Terry Eagleton bu konuya değinmeden devrime olan umudun yitirilmesiyle sabık Lenisistlerin sertifikalı Lacancılar olduğunu ifade eder. Sanırım bunu istihza ile söyler. Eh artık yapacak çok bir şey kalmamıştır geriye kalan ne yazık ki fallus üzerinden özneyi tanımlamaya çalışmaktır. Buradaki istihzanın nedeni öznenin gerçek problemlerinin bir yana bırakılarak onun kaygan, belirsiz ve sürekli değişken doğası üzerinde durulmasıyla ilgili olmalıdır. Özne için işsizlik, gıda ve barınma sorunu, saygınlık ihtiyacı gibi temel problemler çok ciddi sorunlara yol açmaktadır. Sonu intihara bile gidebilen büyük sorunlardır bunlar ve bunlar değiştiğinde özne “iyi hal” durumuna geçer. Bugün devrim umudunun kalmamasıyla artık özne ancak fallus üzerinden konuşulabilen bir yapı haline gelmiş olmalıdır.
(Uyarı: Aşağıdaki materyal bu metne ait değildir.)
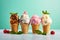 Flavorful ice cream sundaes with waffle cones on pink and mint blue background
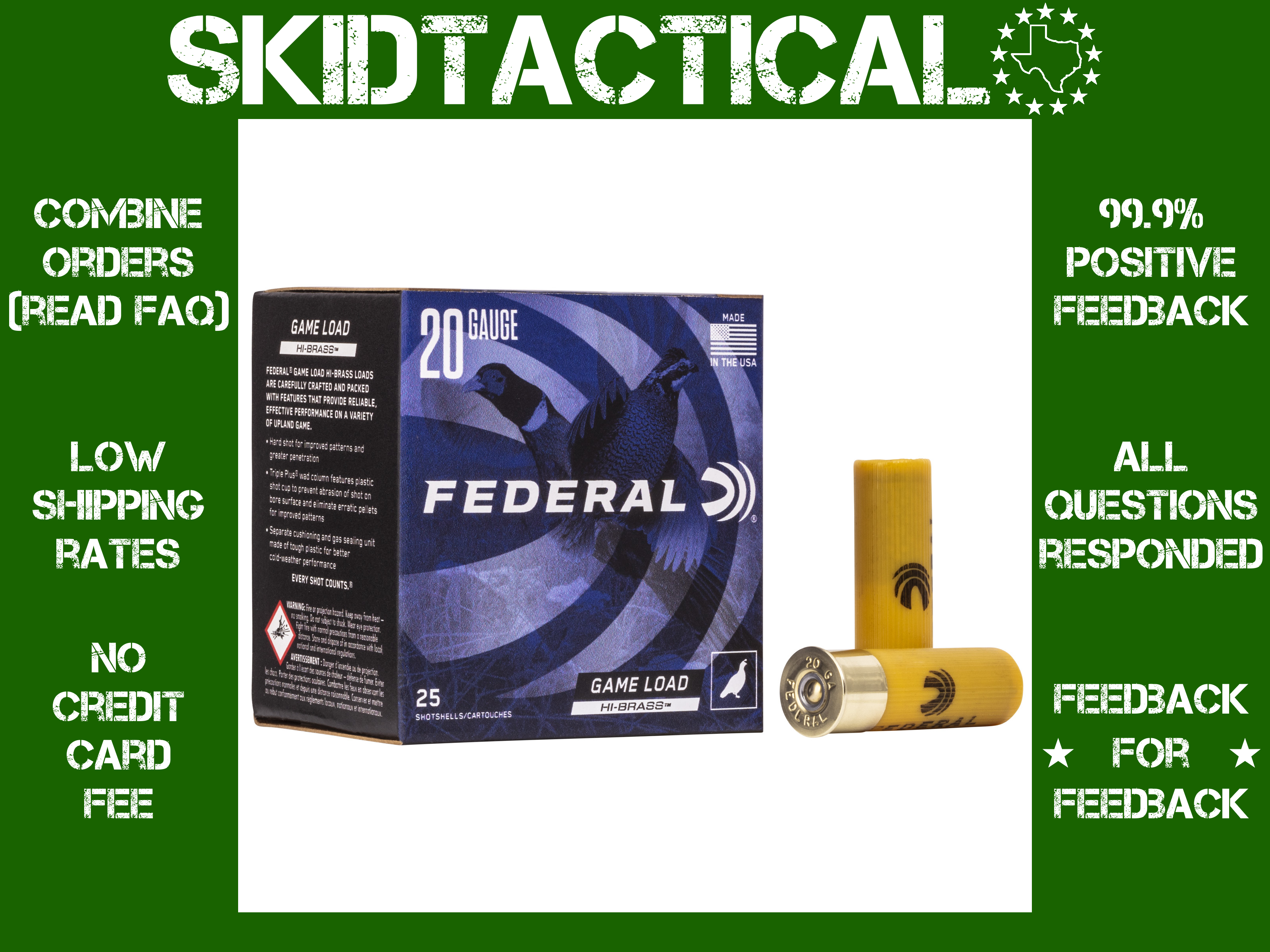 Federal GameShok Hi-Brass 20 Gauge 2.75" #7.5 Partition - 25rd-img-0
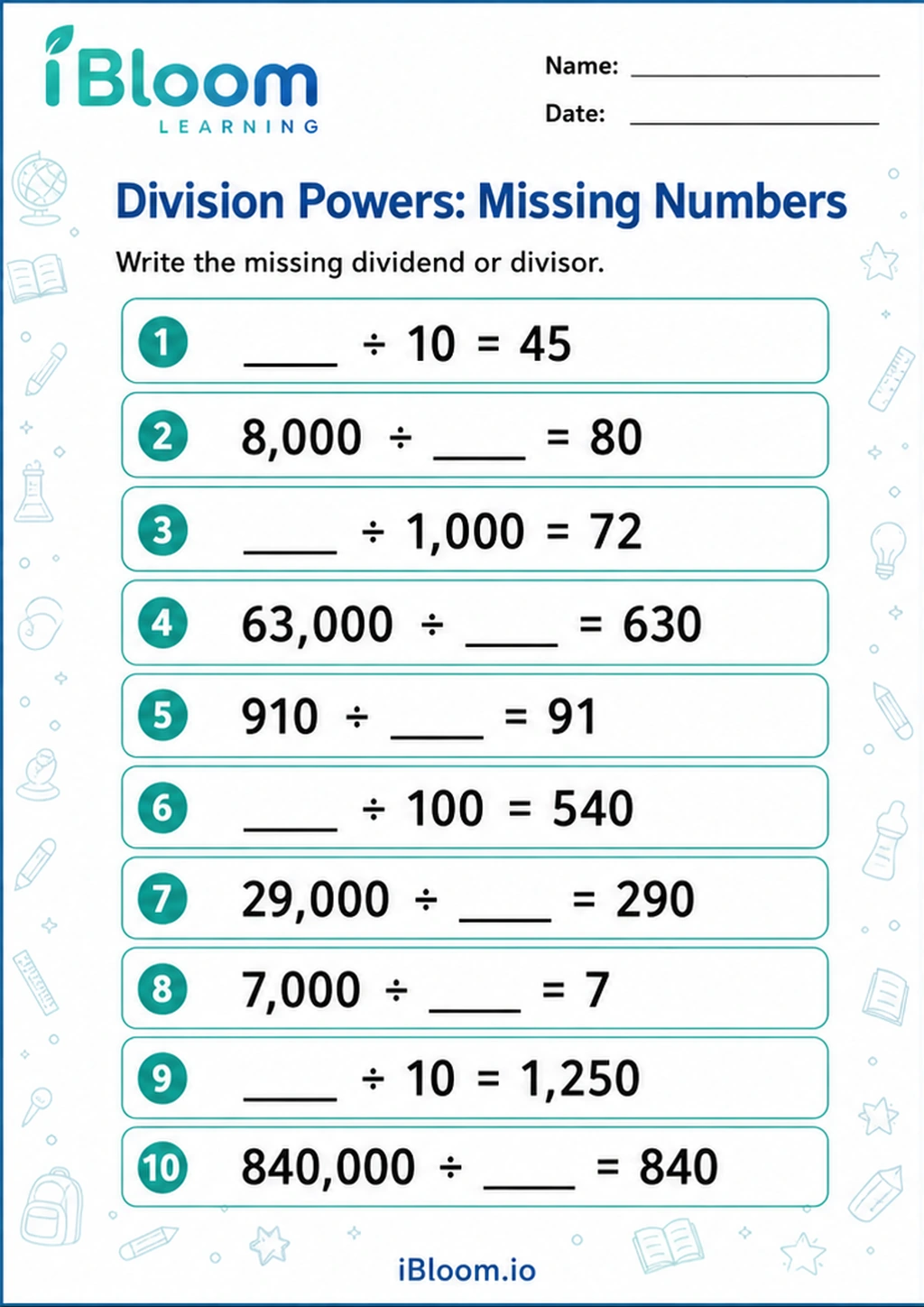 Preview of Division Powers: Missing Numbers worksheet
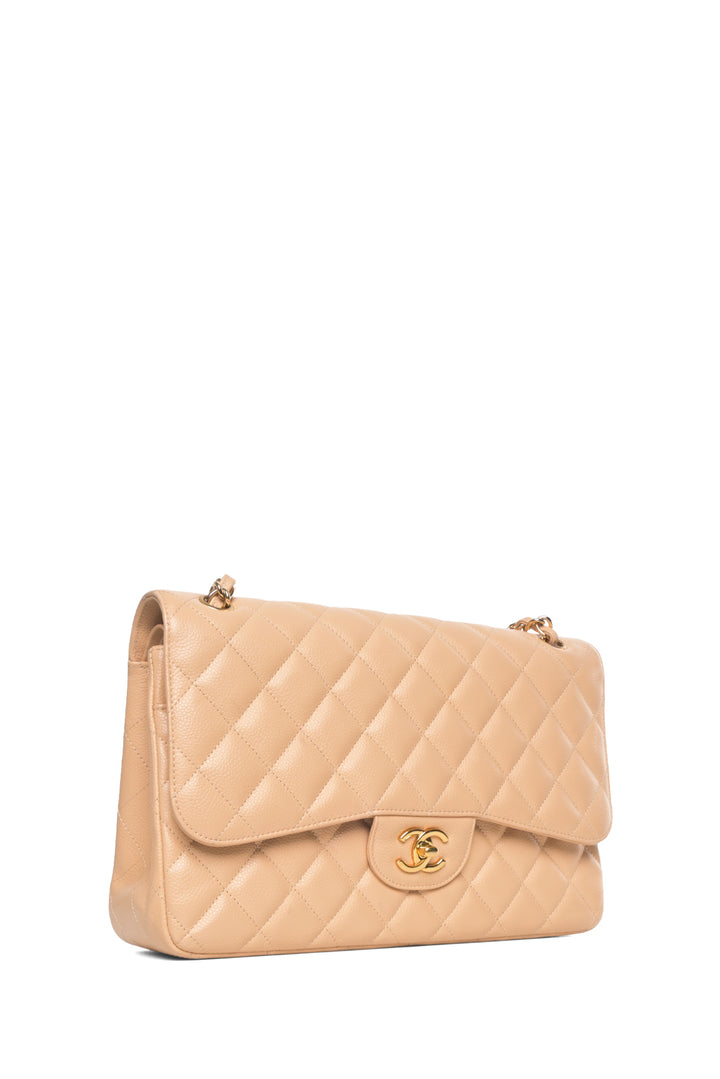 Chanel Jumbo Caviar Leather Double Flap Bag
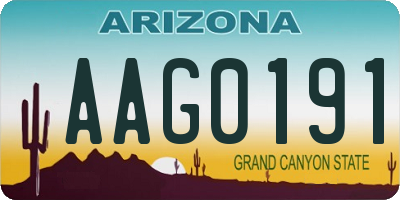 AZ license plate AAG0191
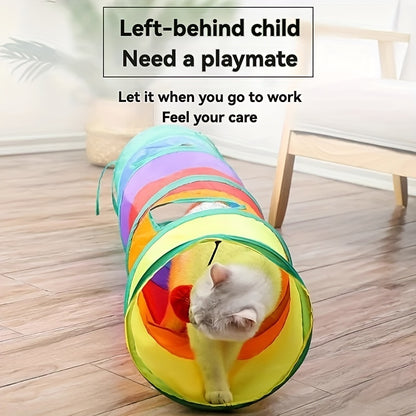 Foldable cat tunnel also suitable for dog training, storage, and interactive play with pet toys.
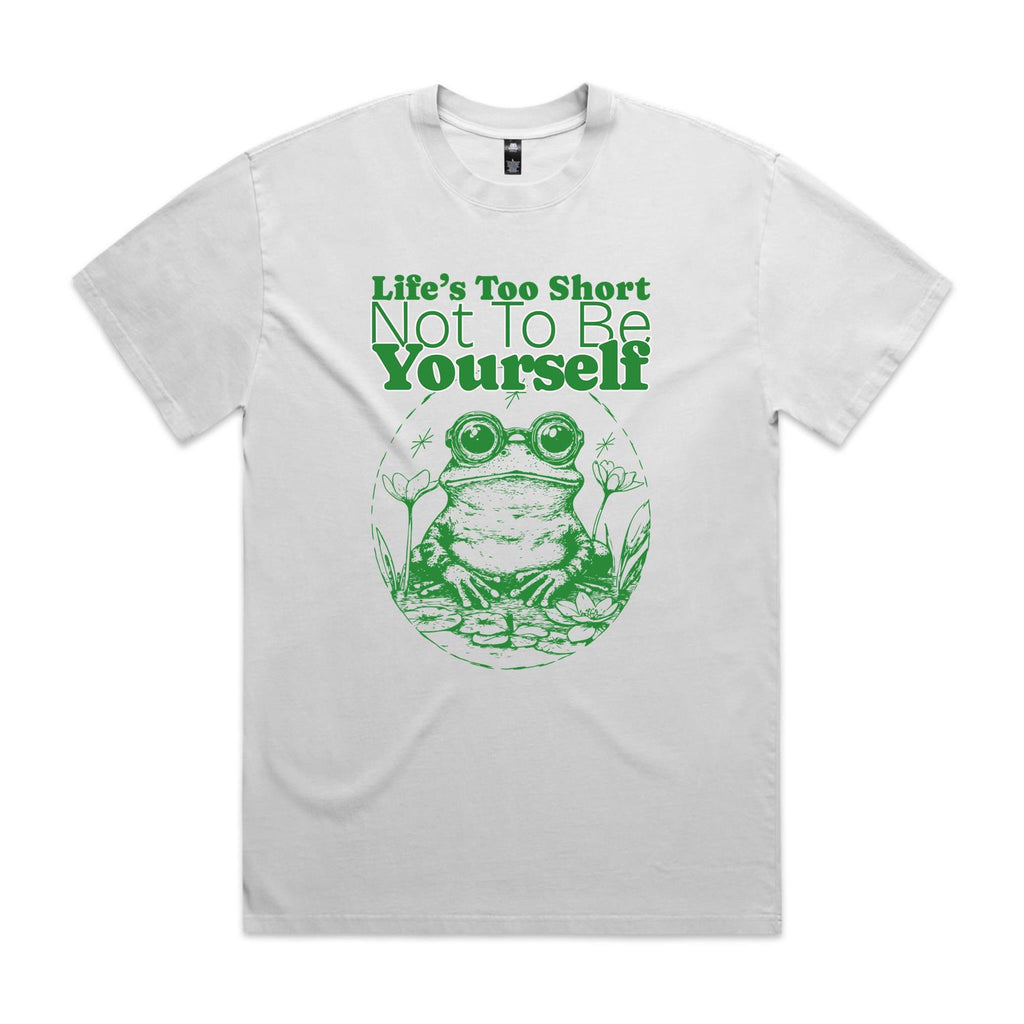 Life's Too Short Not To Be Yourself, Frog AS Colour Heavy Faded Tee Unisex Faded White Heavy Faded T-shirt animal Printed In Australia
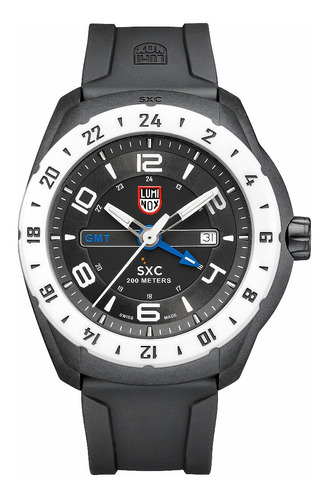 Reloj Luminox Sxc Correa De Goma Esfera Negra Bisel Blanco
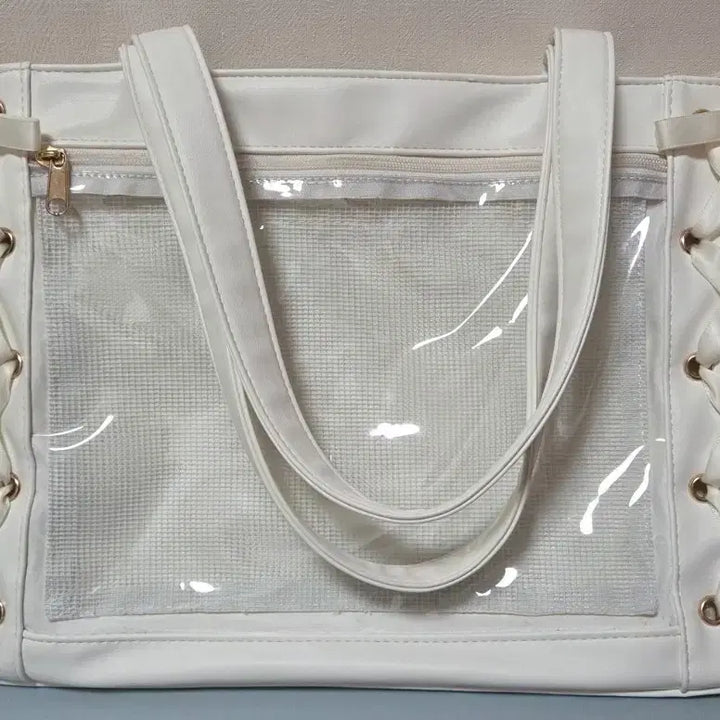 [BUNJANG] Wego Lace-up Ita Bag / 위고 레이스업 이타백 A4 화이트 판매양도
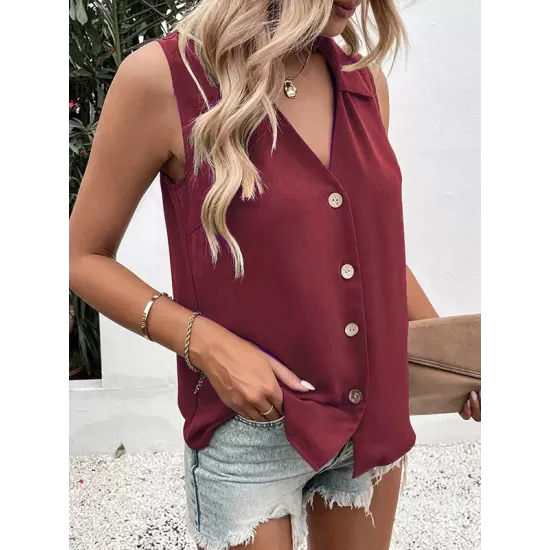 Buttoned Solid Color Split-Joint Loose Sleeveless V-neck Vest Top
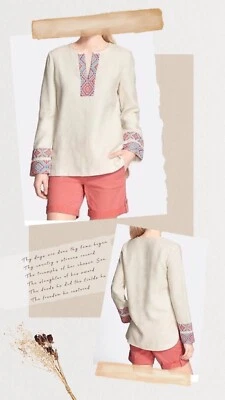 Túnica Tory Burch Mckenna de lino bordada en marfil multicolor talla 2 nueva con etiquetas Foto 1 de 4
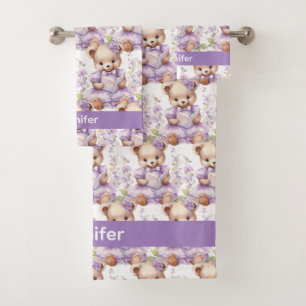 Girl's Baby & Toddler Bath Towel Set   Custom Name
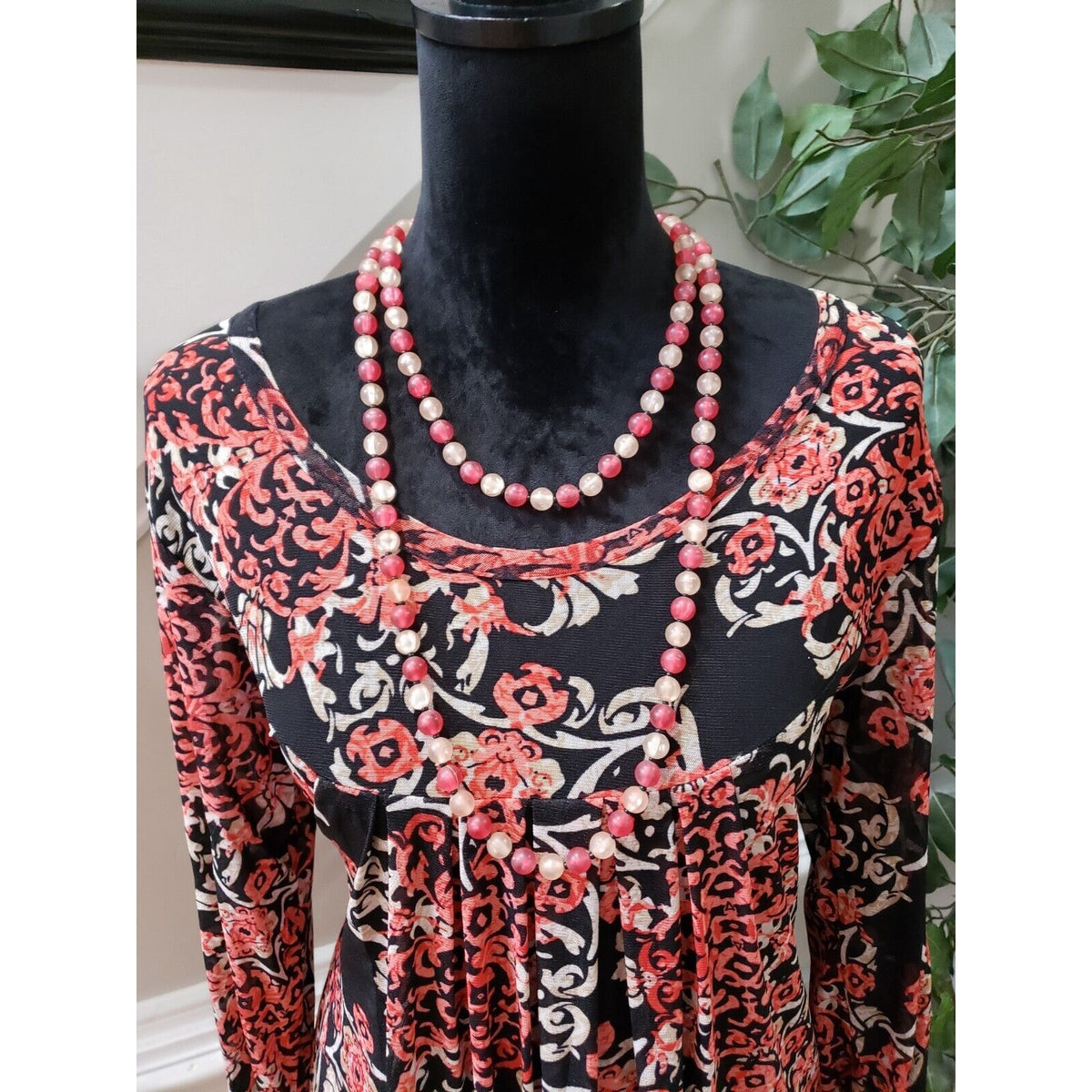 Womens Multicolor Polyester Round Neck Long Sleeve Knee Length Dress Size Medium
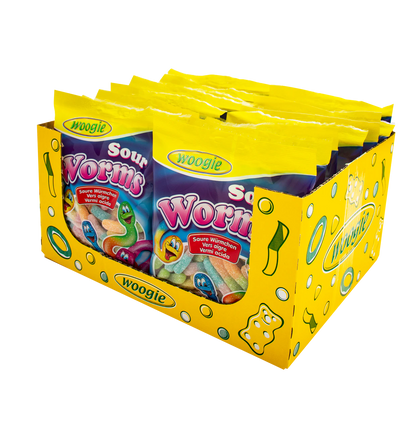 Woogie Saure Würmer 250g Gezuckerte Fruchtgummi Glühwürmchen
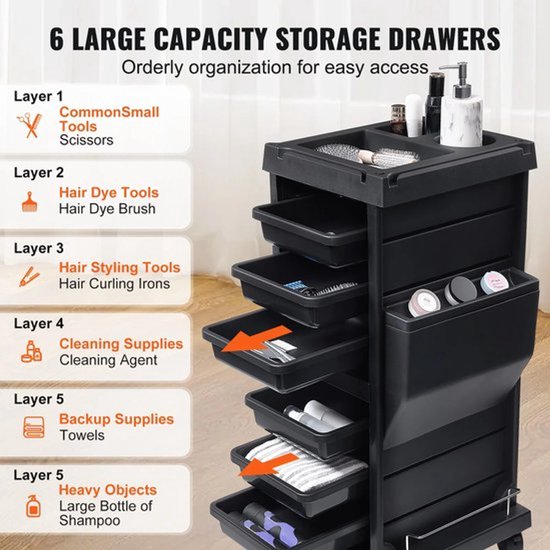 Collox Werkwagen - Salontrolley - Beauty - Kapper - Met 2 afsluitbare deksels om uw spullen veilig op te bergen, 6 uittrekbare laden, 2 opbergbakken, hittebestendige houders, foliedispenser en zijplank - Draagvermogen 65 kg - Zwart van Merkloos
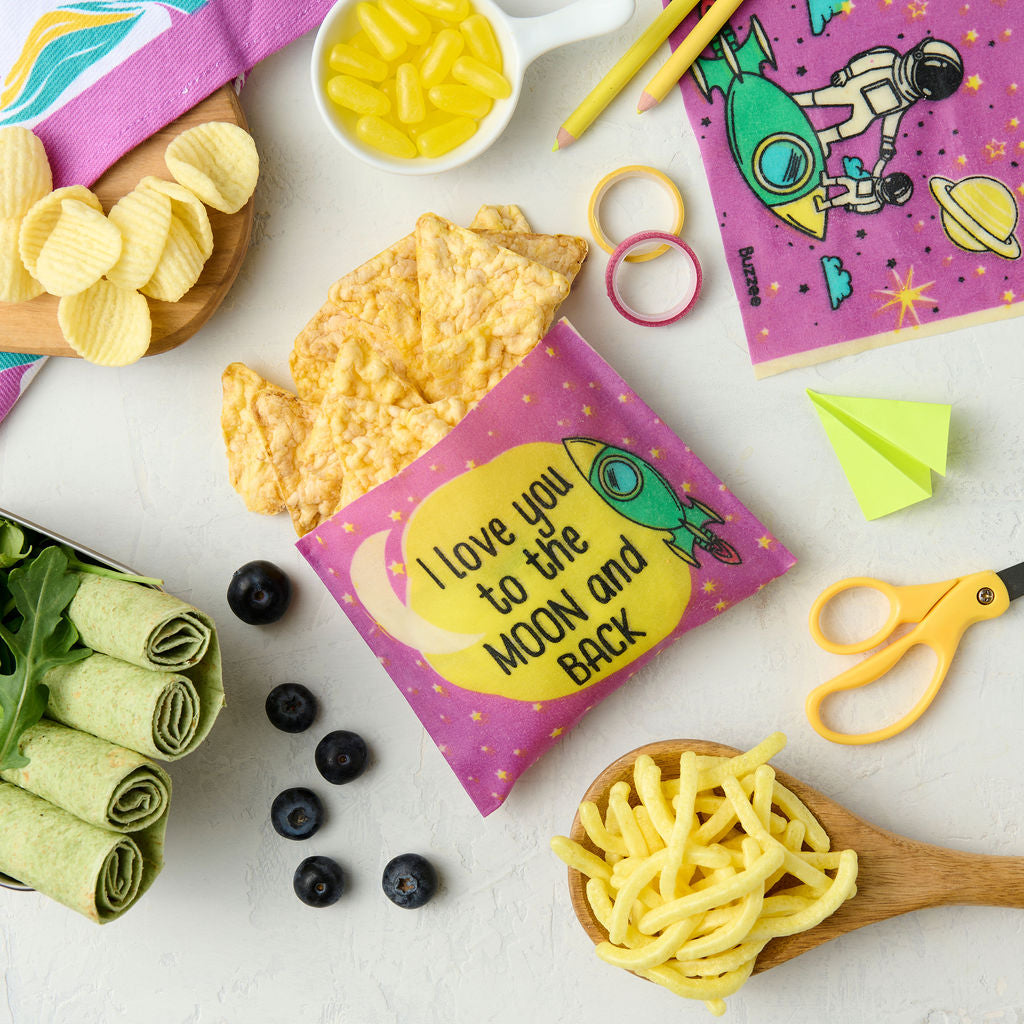 Kids Reusable Snack Beeswax Wraps With Cute Notes Vol-1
Non Player Character ve Öznenin İradesi
Özne ya da gövde üzerine, benlik, bilinç, düşünme ve özgür irade üzerine yeni ne söylenebilir şuan için bilmiyorum. Yine de dikkate değer olan bir şey var.(Yaralarım benden önce de vardı.) Öznenin tam olarak ne olduğunu bilmiyoruz o bir karanlık kıtadır ve özneye ulaşmanın arka kapıları vardır. Bilinçaltı süreçler anlamadığımız şekilde hayatımızı yönlendiriyor olabilir. Bu etkiler kısmi de olabilir. Sözgelimi madde bağımlılığı öznenin çözülmesini sağlar. İradesini ortadan kaldırır ve normalde yapmayacağı davranışları yapmaya başlar özne. Bunun yanında kişinin madde bağımlılığına bilinçaltı süreçler nedeniyle eğilimli olduğunu söylemek durumu daha da karmaşıklaştırır. Özne bazı duyguların ya da bazı bilinçaltı süreçlerin etkisi altında aslında iradeden yoksun kalabilir ya da en baştan beri öyledir.
“Lanetliler ölemezler çünkü onlar ölecek derinlikten yoksundurlar.” Eagleton’ın başka bir cümlesi bu. Bu cümleyi günümüz npc (non player character) kelimesi üzerinden ele alarak öznenin bir iç iradeden yoksunluğunu anlatmak için ele alalım. Bir bağımlı ister madde ister toksik ilişki olsun, iradesini bilinçaltı süreçlere teslim etmiştir ve artık öznenin varlığından bahsedilemez. Özne bu durumlarla ilgili derin bir yüzleşmeye giremez çünkü artık ortada yüzleşecek bir özne kalmamıştır. Hayatla kurulan sığ bir ilişki vardır artık sadece. Bu özne artık ölemez de çünkü ölmek için ortada bir özne olması gerekir. Dahası ölmek için önce var olmak gerekir.
Özne olmadığına göre artık ortada gerçek anlamda bir seçim de yoktur. Özgür irade felsefi olarak zaten bir sorun olmakla birlikte lanetlenmişler için artık özgür iradenin ihtimali de kalmamıştır. Ortada etik seçimler ya da gerçek kararlar yoktur. Oyunların oyuncusuz karakteri gibi sadece “devinen” bir gövde vardır artık. Seçimleri içsel bir derinlikten yoksundur. Bu süreç teolojideki nefsin insanı ele geçirmesiyle benzerlik gösterir. Fallusun peşinde heba olan özne artık kendi var oluşunun zararına işlere girişir. Özne nefsine hakim olamazsa onun peşinde heba olur ve nefsinin emrini yerine getiren bir “kabuğa” dönüşür. Npc kavramını bu kadar benimsememizin altında bu gerçeği hissediyor oluşumuz yatıyor olabilir. Sadece hırsları olan derinliği olmayan özneler ya da hayatın sadece isteme olarak yarattığı insanları görünce onlarda bir şeylerin eksik olduğunu hissediyor ama dile getiremiyor olabiliriz.